Highlight Leadership Experience: Clearly outline your direct supervisory experience and your approach to mentoring team members. Provide examples of how you've successfully led teams in achieving clinical program goals and overcoming challenges.
Showcase Problem-Solving Skills: Include examples in your application that illustrate your strong problem-solving skills and agility in adapting to changing business priorities. This will show Immunovant that you can thrive in their dynamic environment.
How to prepare for a job interview at Immunovant
✨Understand the Role Thoroughly
Before the interview, make sure to read the job description carefully. Familiarise yourself with the key responsibilities and requirements of the Senior Director, ROW Site Relationship Management role. This will help you tailor your answers to demonstrate how your experience aligns with what Immunovant is looking for.
✨Showcase Your Leadership Experience
As a senior director, you'll need to exhibit strong leadership skills. Prepare examples from your past roles where you've successfully led teams, managed projects, or navigated challenges in clinical operations.
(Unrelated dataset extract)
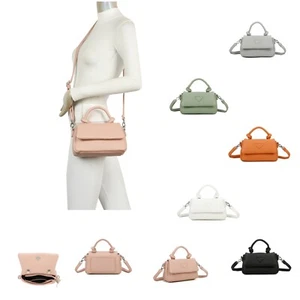 Woman Smart Plain Flap Over Single Grab Small Tote Cross Body Shoulder Bag - Picture 1 of 14
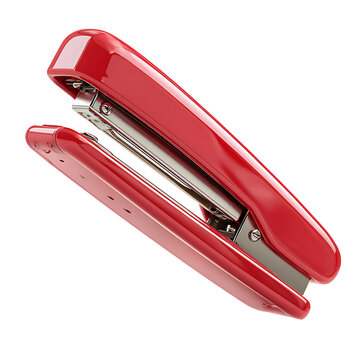 A red stapler is shown open on a white background.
Highlight your ability to mentor and develop team members, as this is crucial for the position.
✨Demonstrate Cultural Awareness
Given the global nature of the role, it's important to show an understanding of regional cultural differences. Be ready to discuss how you've adapted your strategies or communication styles when working with diverse teams or stakeholders across different regions.
✨Prepare Questions for the Interviewers
Interviews are a two-way street. Prepare insightful questions that show your interest in Immunovant's mission and the specific challenges they face in clinical trial execution. This not only demonstrates your enthusiasm but also helps you assess if the company culture and values align with yours.